What is expected
Starting at the line that contains "Full Upholstered Bed" in the listing below, write out every line word for word until you have written the line that contains "New Genuine Canon".

------------------------

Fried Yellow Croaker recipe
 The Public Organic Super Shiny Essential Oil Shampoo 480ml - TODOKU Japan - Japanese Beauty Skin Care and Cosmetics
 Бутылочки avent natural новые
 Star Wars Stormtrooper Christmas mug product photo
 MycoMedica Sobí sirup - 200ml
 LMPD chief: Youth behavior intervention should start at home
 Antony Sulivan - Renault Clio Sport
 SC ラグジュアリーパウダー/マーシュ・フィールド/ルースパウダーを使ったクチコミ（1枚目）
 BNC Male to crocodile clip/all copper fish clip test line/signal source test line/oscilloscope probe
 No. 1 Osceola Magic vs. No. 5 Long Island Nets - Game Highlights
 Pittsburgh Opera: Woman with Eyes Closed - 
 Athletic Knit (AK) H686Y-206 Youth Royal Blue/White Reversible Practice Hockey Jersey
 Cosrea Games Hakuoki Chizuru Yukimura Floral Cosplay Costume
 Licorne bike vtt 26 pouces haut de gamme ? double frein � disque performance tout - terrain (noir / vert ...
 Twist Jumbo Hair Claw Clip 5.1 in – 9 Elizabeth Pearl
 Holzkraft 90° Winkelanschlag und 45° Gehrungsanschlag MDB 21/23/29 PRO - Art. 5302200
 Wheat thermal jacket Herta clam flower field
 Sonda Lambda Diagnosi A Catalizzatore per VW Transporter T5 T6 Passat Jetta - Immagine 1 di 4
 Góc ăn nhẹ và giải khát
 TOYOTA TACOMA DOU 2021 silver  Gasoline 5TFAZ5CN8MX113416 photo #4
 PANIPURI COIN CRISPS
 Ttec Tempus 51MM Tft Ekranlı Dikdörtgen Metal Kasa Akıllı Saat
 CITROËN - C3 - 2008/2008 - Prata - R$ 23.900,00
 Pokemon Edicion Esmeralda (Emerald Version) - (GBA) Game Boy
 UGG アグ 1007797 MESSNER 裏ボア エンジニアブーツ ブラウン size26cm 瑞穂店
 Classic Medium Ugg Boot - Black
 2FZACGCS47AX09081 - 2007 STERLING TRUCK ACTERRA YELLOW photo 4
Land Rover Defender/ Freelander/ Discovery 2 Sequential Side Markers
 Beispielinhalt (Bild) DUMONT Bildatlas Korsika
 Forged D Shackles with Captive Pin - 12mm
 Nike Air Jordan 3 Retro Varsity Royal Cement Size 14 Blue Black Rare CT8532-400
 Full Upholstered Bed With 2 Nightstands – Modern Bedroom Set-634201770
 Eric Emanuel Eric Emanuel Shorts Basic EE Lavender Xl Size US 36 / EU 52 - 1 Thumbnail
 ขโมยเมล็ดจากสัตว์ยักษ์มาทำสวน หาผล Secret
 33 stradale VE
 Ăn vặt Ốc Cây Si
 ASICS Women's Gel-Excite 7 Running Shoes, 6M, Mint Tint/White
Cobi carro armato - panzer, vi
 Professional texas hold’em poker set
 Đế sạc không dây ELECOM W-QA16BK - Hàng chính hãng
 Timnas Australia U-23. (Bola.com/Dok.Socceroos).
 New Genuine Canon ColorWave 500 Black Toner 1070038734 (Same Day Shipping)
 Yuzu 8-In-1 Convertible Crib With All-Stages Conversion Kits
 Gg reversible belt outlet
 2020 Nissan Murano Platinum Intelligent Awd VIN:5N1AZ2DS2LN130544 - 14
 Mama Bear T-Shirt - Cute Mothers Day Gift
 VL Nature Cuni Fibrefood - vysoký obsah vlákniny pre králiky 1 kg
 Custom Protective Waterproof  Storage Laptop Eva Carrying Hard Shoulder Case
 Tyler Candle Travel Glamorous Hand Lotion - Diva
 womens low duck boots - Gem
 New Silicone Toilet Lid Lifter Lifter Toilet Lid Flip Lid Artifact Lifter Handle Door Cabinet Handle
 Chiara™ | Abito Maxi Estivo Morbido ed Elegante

------------------------

Result
 Full Upholstered Bed With 2 Nightstands – Modern Bedroom Set-634201770
 Eric Emanuel Eric Emanuel Shorts Basic EE Lavender Xl Size US 36 / EU 52 - 1 Thumbnail
 ขโมยเมล็ดจากสัตว์ยักษ์มาทำสวน หาผล Secret
 33 stradale VE
 Ăn vặt Ốc Cây Si
 ASICS Women's Gel-Excite 7 Running Shoes, 6M, Mint Tint/White
Cobi carro armato - panzer, vi
 Professional texas hold’em poker set
 Đế sạc không dây ELECOM W-QA16BK - Hàng chính hãng
 Timnas Australia U-23. (Bola.com/Dok.Socceroos).
 New Genuine Canon ColorWave 500 Black Toner 1070038734 (Same Day Shipping)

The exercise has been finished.